For our example data set, this produces a web-tagged
directory, whose structure matches that of web
. Files are CoNLL-formatted, e.g.:
1 He he PRP O 2 nsubj
2 captained captain VBD O 0 ROOT
3 the the DT O 5 det
4 Australian australian JJ MISC 5 amod
5 team team NN O 2 dobj
6 in in IN O 8 case
7 ten ten CD NUMBER 8 nummod
8 Tests test NNS O 2 nmod
9 , , , O _ _
10 winning win VBG O 2 dep
11 five five CD NUMBER 10 dobj
12 and and CC O 10 cc
13 losing lose VBG O 10 conj
14 five five CD NUMBER 13 dobj
15 . . . O _ _
The columns are:
- index
- word
- lemma
- fine-grained PoS tag
- NER tag
- index of dependency head
- type of dependency relation
If an annotator (e.g. NER) is disabled, its corresponding column will contain only underscores.
This extracts all features (words and phrases) of interest. You can select what you want to be extracted. Currently the only supported types are unigrams (filtered by PoS tag) and phrases (adjective-noun, noun-noun, verb-object or subject-verb-object compounds.). Add your own phrase extractors as more models of composition become available. Edit get_all_corpora
in eval/data_utils.py
as required, then run:
cd ~/projects/dc_evaluation
python eval/scripts/compress_labelled_data.py --conf conf/exp0/exp0.conf --all --write-features
A configuration file containing tokenisation settings is required.
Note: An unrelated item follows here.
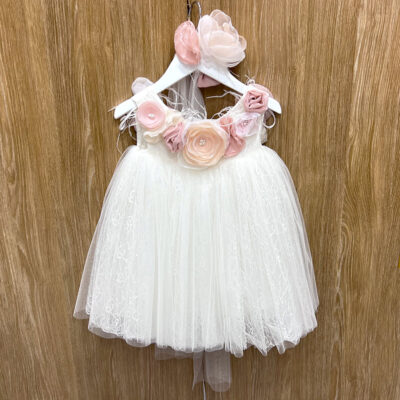 Βαπτιστικό φόρεμα Baby Bloom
This is detailed below. The output is (a compressed version of) the following:
["de", ["war/N", "zu/N"]]
["en", ["collaboration/N", "thespis/N", "extraher/N", "troupe/N"]]
One document per line, the first item in the list being the label, and the second item is a list of document features.
compress_labelled_data.py
takes an additional boolean flag, --write-features
, which is disabled by default. If true, a set of additional files will be written to ./features_in_labelled
for each labelled corpus. These contain a list of all extracted document features, a list of all noun phrase modifiers, a list of all verbs that appear in verb phrases, etc. I found these convenient during my PhD, as they make it easy to invoke compositional algorithms in batch. You may have no use for these files.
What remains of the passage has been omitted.